We then got underway and headed towards Brandon Marsh, a new area for us both to visit, this was more a scouting visit. The staff on our arrival were very helpful showing us all the best spots for Kingfisher and providing us with a map each. We visited the bulk of the reserve and met up with a few of the locals who all said it was a quite time of the year and again told us the best places to visit later on. One also said it gets very wet near to some of the hides and he at times visits wearing waders. I don't think this will happen with us.

13 th October.

Glossy Ibis.

This is the position the bird was in when we first came through the gate and into the field at Rectory Marsh. This is an area of a small island well covered with reeds that the bird kept disappearing into, so we took a few safety images just in case it decided to go AWOL. At this point the bird was about 120 metres away from us.

By this image it had moved into a slightly clearer area so more record shots. We had moved to about 90 metres from the bird also.

It then moved out onto a spur on the island, no closer but made worse by what light we had got being behind the bird so we had white water.  

It then suddenly took off and headed towards us initially, in fact if it had remained on its original course it would have flown over us, it then turned very slightly away. 

And then turned back. 

And then as much as to say, Ahh your over in that direction.  

Turned and headed towards us and landed behind the reeds to the edge of the pool. 

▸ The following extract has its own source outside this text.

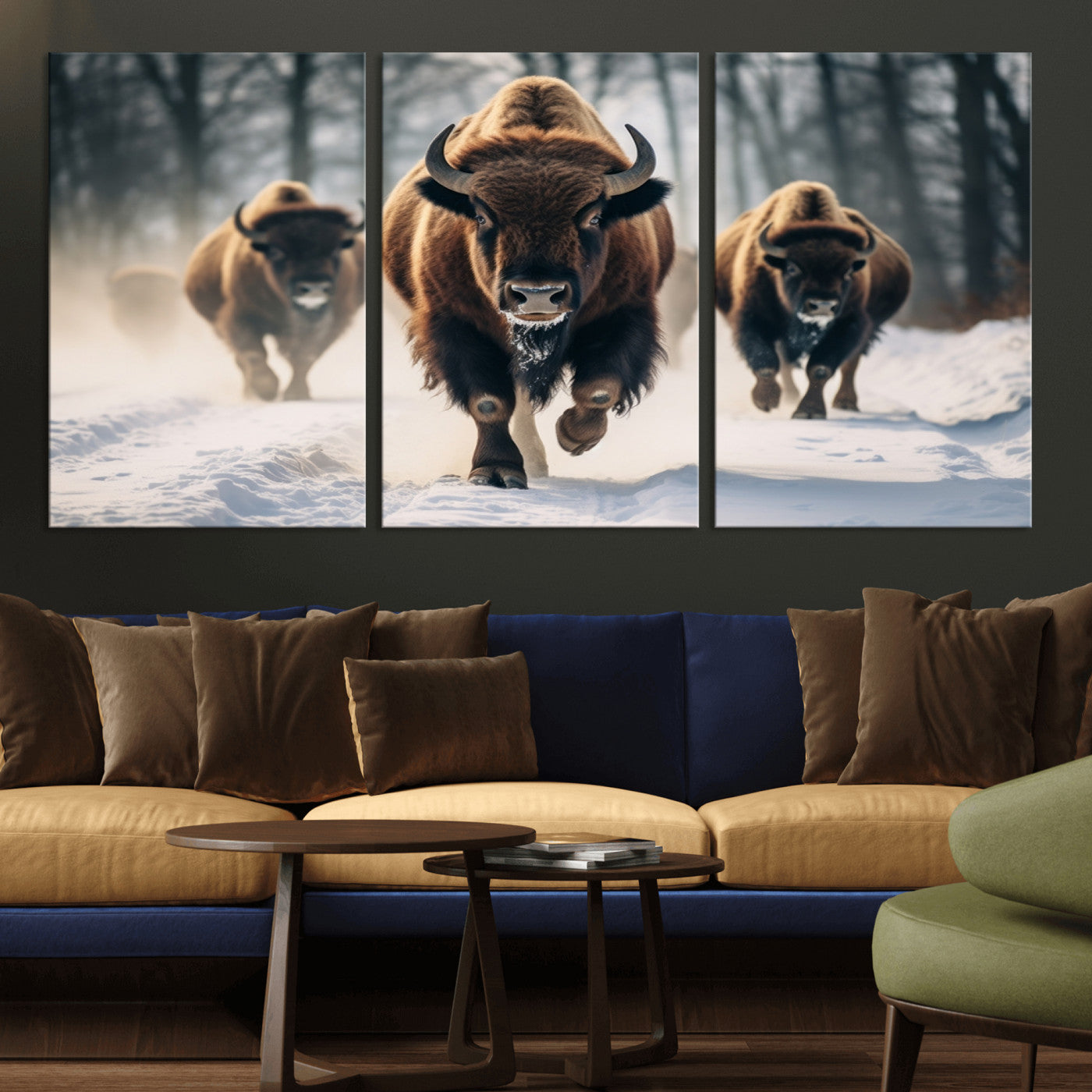 56549-MGV-CV-36X24-Wild Bison Wall Art – Majestic Buffalo Herd Running in Snow Canvas Print, Rustic Wildlife Photography Decor for Cabin, Lodge, or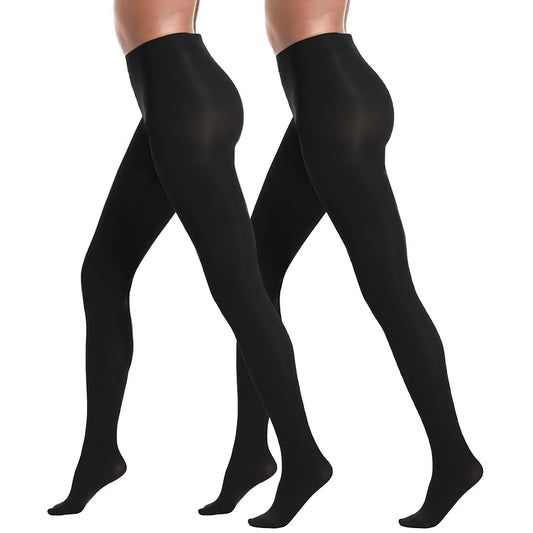 SOMER Tights for Women 2 Pair Set Pantyhose with Reinforced Toe Black Stockings Fashion Pantyhose Soft Opaque Tights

Unfortunately these reeds kept getting in the way, as you can see from the tail of the bird. 

But it did get into a clear area occasionally, here with a dew drop.  

Then a quick preen, so the bird was relaxed and we were causing it no problems. We just stopped in the same position and shot away.

 It then walked to the left a small amount.

Feeding as it made its way around the pools edge. 

It then turned towards us, took one look. 

And turned to the right and started to move away from us. This was when the idiot turned up and walked up towards the bird and it flew away.

Apart from the couple disturbing the bird, this was a most enjoyable time with a really stunning bird. Just a shame the light was not better.


13th October.  

After the poor light at Cossington Meadows, by the time we arrived at Brandon Marsh, the sun was shining but the wind had got up. We spent most of the time on site having a walk about.

Pair of Mute Swans with five Juveniles. Jon Baldwin Hide. East Marsh Pool.

 These suddenly appeared from under the trees on the far side of the pool. 

Adult Male leading the line.  

Female Shoveler Duck heading towards the hide.  

Male Shoveler Duck, East Marsh Hide. 

Unknown Flower with Unknown Fly. Between East Marsh Hide and Carlton Hide.

I have no idea at all to the flower but it was only about 12 mm across so as you can see the fly is very small but also appears to be unusual with the flat back. 

Grey Heron landing. Teal Pool Hide.

This bird suddenly flew in out of the sun so difficult to get a decent image.

Thank you for your visit, I hope you have enjoyed the images as much as I did in the getting of them. 

About Me;

Titus White:
Hi I am Richard Peglers friend Titus White, and those who follow Richards posts will understand the name and reason for it. I have been birding with Richard for 3 years and a volunteer at Rutland Water on the Osprey Project for 2 years. My early images were taken on a Nikon D80 with a 70 - 200mm lens. I updated the lens to a 70 - 300mm VR lens but still was not happy with the results. Eventually when Nikon announced the D7100 I decided to change so upgraded the camera and also invested in a Sigma 50 - 500mm lens.
I first met Richard through Arthur Costello as I was having the occasional visit from Little Owls on our land. We eventually found the Little Owls through another contact about 100 metres away. Photo's will follow on future posts.
I have recently upgraded my camera to full frame, this is a challenge I am at the moment enjoying trying to get the best out of the beast.